(Records from a dataset)

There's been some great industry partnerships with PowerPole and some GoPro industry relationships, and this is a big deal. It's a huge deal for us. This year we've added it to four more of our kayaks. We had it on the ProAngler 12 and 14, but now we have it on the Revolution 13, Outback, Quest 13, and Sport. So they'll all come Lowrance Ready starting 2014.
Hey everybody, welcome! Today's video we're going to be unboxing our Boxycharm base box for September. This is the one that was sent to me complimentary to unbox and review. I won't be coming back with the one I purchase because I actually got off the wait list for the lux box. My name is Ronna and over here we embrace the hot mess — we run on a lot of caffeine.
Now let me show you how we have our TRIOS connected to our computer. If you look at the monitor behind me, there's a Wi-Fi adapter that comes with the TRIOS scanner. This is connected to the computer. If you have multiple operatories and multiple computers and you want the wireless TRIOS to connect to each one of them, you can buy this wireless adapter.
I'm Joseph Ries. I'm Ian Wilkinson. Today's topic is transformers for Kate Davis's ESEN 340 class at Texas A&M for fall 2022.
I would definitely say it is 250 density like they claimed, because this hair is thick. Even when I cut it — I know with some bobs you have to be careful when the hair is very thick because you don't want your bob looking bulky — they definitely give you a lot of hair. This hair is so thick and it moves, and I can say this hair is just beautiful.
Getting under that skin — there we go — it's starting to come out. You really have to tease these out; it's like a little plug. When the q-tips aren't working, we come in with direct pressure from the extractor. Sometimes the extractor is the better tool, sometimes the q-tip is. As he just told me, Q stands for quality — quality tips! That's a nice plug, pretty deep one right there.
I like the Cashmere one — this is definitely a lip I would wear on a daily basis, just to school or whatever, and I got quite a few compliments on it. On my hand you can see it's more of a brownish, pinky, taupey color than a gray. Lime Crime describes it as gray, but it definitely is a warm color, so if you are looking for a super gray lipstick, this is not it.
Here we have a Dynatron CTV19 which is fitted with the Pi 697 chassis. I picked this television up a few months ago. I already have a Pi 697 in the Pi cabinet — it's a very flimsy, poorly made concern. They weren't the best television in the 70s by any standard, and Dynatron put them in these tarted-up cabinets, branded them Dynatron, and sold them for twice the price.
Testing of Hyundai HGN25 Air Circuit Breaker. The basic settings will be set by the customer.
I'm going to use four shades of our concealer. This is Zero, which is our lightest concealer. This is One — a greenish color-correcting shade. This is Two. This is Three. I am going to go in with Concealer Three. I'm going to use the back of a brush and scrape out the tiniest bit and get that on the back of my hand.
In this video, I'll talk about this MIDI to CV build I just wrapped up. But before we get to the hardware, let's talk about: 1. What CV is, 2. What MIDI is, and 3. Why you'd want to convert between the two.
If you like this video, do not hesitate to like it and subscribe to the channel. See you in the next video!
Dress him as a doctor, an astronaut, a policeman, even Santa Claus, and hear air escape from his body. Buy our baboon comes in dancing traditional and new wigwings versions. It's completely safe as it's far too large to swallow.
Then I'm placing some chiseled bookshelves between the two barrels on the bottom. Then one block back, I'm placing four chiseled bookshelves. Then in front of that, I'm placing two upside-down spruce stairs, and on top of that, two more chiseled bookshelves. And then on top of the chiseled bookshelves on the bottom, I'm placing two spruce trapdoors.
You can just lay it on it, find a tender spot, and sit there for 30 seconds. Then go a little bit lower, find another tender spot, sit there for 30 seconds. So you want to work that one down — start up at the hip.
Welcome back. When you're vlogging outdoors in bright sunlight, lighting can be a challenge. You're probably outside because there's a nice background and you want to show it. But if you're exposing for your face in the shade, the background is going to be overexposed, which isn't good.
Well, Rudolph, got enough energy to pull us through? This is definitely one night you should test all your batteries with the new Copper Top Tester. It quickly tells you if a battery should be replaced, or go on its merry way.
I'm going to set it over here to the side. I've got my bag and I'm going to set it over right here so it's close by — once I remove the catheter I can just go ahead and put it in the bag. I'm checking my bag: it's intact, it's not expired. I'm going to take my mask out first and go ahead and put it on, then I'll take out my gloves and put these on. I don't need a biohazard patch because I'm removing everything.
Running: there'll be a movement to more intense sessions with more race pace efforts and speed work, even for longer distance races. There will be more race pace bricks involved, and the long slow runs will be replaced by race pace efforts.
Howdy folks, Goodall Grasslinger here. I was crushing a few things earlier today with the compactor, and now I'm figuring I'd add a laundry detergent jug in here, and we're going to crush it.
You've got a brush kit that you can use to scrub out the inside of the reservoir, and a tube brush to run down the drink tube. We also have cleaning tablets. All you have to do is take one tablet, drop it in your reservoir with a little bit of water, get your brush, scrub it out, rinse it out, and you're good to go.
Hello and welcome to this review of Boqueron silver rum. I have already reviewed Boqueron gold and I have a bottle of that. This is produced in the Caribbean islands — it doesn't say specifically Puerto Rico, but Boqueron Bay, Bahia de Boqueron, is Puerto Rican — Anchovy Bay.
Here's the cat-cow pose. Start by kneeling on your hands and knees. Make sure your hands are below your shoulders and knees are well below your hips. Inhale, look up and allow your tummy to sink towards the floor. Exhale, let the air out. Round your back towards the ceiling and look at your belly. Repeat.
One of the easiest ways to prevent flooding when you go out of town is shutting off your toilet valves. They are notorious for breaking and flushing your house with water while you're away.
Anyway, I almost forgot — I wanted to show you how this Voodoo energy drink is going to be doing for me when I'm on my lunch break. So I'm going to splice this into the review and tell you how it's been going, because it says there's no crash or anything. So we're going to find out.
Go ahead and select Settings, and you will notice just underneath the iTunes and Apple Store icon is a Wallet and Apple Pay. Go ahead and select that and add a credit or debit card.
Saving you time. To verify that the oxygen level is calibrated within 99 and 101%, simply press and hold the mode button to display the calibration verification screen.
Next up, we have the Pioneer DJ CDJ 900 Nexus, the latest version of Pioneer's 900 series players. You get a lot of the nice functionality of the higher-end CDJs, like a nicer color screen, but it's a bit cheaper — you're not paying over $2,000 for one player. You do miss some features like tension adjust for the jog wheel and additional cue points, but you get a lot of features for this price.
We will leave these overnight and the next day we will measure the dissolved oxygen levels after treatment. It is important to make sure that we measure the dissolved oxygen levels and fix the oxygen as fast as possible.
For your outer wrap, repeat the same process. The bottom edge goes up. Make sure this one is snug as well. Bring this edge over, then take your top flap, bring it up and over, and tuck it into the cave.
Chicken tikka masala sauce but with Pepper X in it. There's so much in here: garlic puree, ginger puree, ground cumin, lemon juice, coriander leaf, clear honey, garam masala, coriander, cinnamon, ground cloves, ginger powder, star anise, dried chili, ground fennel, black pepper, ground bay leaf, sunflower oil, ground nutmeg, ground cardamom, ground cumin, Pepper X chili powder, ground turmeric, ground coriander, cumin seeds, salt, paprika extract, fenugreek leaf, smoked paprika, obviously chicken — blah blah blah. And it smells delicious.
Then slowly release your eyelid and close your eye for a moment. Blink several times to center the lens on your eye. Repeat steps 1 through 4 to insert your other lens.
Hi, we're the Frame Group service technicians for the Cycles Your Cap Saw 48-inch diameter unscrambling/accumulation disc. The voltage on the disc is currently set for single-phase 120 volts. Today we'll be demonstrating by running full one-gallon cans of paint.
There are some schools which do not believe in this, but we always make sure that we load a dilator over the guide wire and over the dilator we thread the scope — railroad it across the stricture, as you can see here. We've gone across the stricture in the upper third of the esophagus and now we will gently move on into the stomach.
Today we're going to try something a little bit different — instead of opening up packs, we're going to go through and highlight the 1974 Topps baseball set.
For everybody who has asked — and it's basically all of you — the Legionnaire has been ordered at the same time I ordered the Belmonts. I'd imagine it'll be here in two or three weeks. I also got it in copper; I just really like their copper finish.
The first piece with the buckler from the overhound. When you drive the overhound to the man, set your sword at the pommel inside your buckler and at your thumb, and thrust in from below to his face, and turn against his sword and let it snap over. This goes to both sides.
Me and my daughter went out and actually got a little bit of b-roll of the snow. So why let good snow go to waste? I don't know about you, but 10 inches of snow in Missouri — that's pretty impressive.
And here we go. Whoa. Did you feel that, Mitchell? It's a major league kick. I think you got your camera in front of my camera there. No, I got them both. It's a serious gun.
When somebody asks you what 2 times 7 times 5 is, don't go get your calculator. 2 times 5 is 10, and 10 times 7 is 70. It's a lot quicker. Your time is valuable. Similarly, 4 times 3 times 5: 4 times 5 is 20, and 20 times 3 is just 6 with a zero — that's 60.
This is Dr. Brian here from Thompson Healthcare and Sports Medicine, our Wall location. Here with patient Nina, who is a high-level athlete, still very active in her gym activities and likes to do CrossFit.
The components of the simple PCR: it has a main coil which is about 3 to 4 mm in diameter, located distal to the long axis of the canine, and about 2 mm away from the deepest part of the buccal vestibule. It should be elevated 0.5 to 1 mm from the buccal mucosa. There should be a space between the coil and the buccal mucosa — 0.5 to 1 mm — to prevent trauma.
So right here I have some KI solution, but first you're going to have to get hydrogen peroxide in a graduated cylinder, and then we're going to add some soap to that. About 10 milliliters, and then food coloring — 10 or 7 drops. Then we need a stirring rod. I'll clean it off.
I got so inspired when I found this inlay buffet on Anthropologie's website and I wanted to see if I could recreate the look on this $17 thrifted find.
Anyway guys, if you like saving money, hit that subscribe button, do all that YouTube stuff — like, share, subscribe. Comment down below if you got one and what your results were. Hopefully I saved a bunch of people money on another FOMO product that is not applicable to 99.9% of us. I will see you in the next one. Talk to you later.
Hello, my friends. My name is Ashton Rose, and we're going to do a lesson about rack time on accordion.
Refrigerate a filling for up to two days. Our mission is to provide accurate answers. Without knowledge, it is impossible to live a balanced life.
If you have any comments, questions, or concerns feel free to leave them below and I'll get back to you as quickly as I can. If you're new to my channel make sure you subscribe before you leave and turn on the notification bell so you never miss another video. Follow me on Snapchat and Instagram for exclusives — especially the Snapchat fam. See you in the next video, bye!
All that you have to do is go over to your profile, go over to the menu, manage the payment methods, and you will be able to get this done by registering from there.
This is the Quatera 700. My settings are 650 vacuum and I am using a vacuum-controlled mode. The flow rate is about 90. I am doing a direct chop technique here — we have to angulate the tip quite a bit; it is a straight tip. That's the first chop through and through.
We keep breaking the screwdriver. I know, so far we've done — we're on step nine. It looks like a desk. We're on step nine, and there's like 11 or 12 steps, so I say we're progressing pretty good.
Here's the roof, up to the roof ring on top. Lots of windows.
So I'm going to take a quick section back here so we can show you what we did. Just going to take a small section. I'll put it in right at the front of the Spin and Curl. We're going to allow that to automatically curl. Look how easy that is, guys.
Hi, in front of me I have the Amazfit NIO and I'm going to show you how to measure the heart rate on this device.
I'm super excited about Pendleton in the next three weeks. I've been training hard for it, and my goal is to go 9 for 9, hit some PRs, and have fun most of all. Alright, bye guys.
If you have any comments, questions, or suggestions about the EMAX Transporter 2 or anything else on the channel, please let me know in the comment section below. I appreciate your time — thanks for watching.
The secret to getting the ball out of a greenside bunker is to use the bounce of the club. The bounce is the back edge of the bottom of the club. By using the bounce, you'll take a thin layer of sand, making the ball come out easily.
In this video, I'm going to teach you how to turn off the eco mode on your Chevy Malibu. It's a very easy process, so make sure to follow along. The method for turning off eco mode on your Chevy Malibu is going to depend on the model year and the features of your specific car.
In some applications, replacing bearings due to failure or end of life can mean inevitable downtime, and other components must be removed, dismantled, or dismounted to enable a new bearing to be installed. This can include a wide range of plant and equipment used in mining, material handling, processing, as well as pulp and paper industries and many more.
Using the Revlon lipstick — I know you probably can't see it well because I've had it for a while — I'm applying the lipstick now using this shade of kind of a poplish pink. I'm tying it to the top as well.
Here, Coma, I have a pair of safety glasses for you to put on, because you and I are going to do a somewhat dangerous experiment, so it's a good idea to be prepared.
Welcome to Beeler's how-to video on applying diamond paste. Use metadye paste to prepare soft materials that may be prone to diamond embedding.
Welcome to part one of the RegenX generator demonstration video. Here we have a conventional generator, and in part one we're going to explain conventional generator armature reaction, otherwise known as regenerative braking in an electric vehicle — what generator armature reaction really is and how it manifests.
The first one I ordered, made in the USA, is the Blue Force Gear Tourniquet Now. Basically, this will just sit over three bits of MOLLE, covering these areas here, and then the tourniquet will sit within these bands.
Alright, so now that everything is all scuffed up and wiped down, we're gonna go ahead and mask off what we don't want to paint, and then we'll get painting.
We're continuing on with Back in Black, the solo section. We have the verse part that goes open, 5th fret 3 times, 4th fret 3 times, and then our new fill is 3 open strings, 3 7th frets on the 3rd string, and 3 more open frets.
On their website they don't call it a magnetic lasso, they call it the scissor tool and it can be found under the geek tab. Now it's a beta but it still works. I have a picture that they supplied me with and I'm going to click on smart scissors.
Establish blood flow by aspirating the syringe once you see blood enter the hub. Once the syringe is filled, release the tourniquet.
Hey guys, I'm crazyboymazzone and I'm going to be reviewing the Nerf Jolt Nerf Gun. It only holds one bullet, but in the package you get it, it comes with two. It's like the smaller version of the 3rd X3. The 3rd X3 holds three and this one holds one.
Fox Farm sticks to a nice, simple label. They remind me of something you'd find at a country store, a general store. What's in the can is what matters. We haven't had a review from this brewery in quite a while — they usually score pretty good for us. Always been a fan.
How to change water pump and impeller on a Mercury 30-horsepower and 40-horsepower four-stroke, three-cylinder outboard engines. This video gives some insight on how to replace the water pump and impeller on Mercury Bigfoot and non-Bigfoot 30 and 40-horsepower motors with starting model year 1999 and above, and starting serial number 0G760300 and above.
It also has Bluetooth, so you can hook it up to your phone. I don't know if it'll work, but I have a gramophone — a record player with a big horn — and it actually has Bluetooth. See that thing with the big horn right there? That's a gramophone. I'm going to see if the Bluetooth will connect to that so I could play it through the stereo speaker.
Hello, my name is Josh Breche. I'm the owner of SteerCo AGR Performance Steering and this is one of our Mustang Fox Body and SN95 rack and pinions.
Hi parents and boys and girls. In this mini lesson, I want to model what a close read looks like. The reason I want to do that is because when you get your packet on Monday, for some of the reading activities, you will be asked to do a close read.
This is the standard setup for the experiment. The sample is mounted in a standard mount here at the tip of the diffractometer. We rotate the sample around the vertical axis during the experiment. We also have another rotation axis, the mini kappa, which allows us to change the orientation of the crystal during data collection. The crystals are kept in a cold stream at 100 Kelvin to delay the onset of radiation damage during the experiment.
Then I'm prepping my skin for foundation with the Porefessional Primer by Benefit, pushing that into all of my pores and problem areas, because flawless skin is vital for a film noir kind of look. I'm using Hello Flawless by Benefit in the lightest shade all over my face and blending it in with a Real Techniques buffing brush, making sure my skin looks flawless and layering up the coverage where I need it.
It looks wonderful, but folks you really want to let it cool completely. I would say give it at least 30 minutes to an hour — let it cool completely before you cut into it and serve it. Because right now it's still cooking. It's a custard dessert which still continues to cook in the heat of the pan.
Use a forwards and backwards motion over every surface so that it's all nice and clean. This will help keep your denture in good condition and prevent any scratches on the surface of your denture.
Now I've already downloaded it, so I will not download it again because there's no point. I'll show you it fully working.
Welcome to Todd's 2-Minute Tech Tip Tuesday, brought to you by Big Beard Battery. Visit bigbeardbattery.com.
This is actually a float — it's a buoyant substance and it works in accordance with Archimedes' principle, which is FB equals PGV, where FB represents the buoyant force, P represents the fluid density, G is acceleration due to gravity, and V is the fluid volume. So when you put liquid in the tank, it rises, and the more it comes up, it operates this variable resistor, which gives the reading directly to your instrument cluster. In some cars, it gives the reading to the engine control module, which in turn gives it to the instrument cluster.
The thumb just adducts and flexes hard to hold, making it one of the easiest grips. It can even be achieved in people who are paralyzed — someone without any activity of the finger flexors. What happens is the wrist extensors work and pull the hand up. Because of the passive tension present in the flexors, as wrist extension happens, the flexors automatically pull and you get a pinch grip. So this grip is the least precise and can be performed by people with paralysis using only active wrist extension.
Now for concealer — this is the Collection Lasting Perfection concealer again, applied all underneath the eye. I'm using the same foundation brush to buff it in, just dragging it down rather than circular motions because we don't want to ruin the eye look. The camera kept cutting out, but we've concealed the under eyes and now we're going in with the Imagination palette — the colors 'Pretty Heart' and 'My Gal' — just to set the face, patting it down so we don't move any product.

_PROBLEM DESCRIPTION:_ Please transcribe only the lines in the records above running from the line that has "For your outer" through the line that has "For everybody who", both included, exactly as they appear.

_SOLUTION:_
For your outer wrap, repeat the same process. The bottom edge goes up. Make sure this one is snug as well. Bring this edge over, then take your top flap, bring it up and over, and tuck it into the cave.
Chicken tikka masala sauce but with Pepper X in it. There's so much in here: garlic puree, ginger puree, ground cumin, lemon juice, coriander leaf, clear honey, garam masala, coriander, cinnamon, ground cloves, ginger powder, star anise, dried chili, ground fennel, black pepper, ground bay leaf, sunflower oil, ground nutmeg, ground cardamom, ground cumin, Pepper X chili powder, ground turmeric, ground coriander, cumin seeds, salt, paprika extract, fenugreek leaf, smoked paprika, obviously chicken — blah blah blah. And it smells delicious.
Then slowly release your eyelid and close your eye for a moment. Blink several times to center the lens on your eye. Repeat steps 1 through 4 to insert your other lens.
Hi, we're the Frame Group service technicians for the Cycles Your Cap Saw 48-inch diameter unscrambling/accumulation disc. The voltage on the disc is currently set for single-phase 120 volts. Today we'll be demonstrating by running full one-gallon cans of paint.
There are some schools which do not believe in this, but we always make sure that we load a dilator over the guide wire and over the dilator we thread the scope — railroad it across the stricture, as you can see here. We've gone across the stricture in the upper third of the esophagus and now we will gently move on into the stomach.
Today we're going to try something a little bit different — instead of opening up packs, we're going to go through and highlight the 1974 Topps baseball set.
For everybody who has asked — and it's basically all of you — the Legionnaire has been ordered at the same time I ordered the Belmonts. I'd imagine it'll be here in two or three weeks. I also got it in copper; I just really like their copper finish.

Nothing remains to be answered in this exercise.